After configuring the rules, wait a moment to see the current limiting effect on the monitoring page:

The rejected traffic will also return an error message. The embedded points of the framework of MSE have default flow control processing logic, such as 429 toomany requests returned after the web interface is restricted, and exceptions thrown after the Dao layer is restricted. If users want to customize the flow control processing logic of each layer more flexibly, they can access and configure the customized flow control processing logic through SDK.


Flow control degradation and fault tolerance are the scenarios we have to consider when designing a stable microservice system. If we design each system, we need to spend a lot of effort to design the flow control degradation and fault tolerance of the system, which will become a headache for every developer.
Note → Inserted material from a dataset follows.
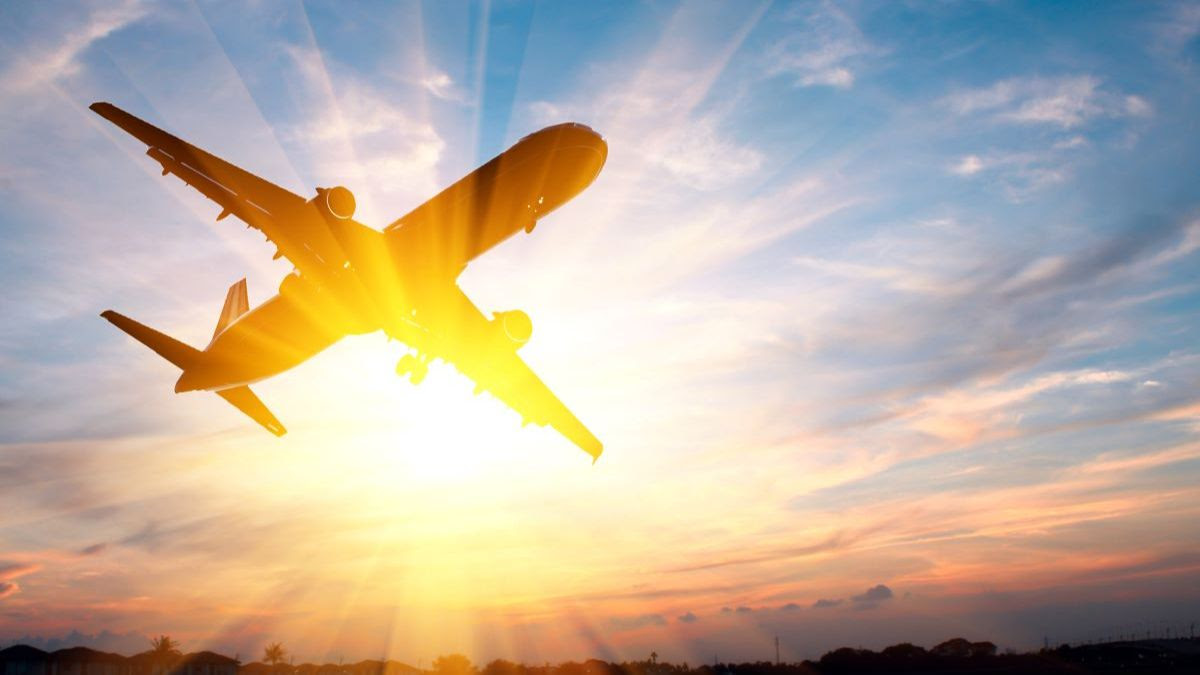 Navigating the Festive Skies - Your Guide to Merry and Stress-Free Holiday Travel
So we have contacted and designed so many flow control degradation systems. Are there any general scenarios, best practices, design standards and specifications, and even reference implementations that can be precipitated?

Starting from the scene, this paper briefly introduces the flow control and fuse protection standards of opensergo, and also introduces the background and means of sentinel flow protection. Finally, through an example, it introduces how to use the flow protection ability of MSE service management to protect your application.

Click to view the live video:…

The opensergo standard is currently only the version of v1alpha1. It can be predicted that we still have a lot of ways to go in the continuous formulation and development of opensergo service governance standards. If you are also interested in the scenario of flow control degradation and fault tolerance, and are interested in the standard construction of microservice governance, you are welcome to join us. We will set standards and promote implementation in an open, transparent and democratic way. In the community, GitHub issue, gitter, mailing list, community biweekly meeting and other mechanisms are also used to ensure that standards and implementation are jointly built through community collaboration. Welcome to discuss and build together through these forms.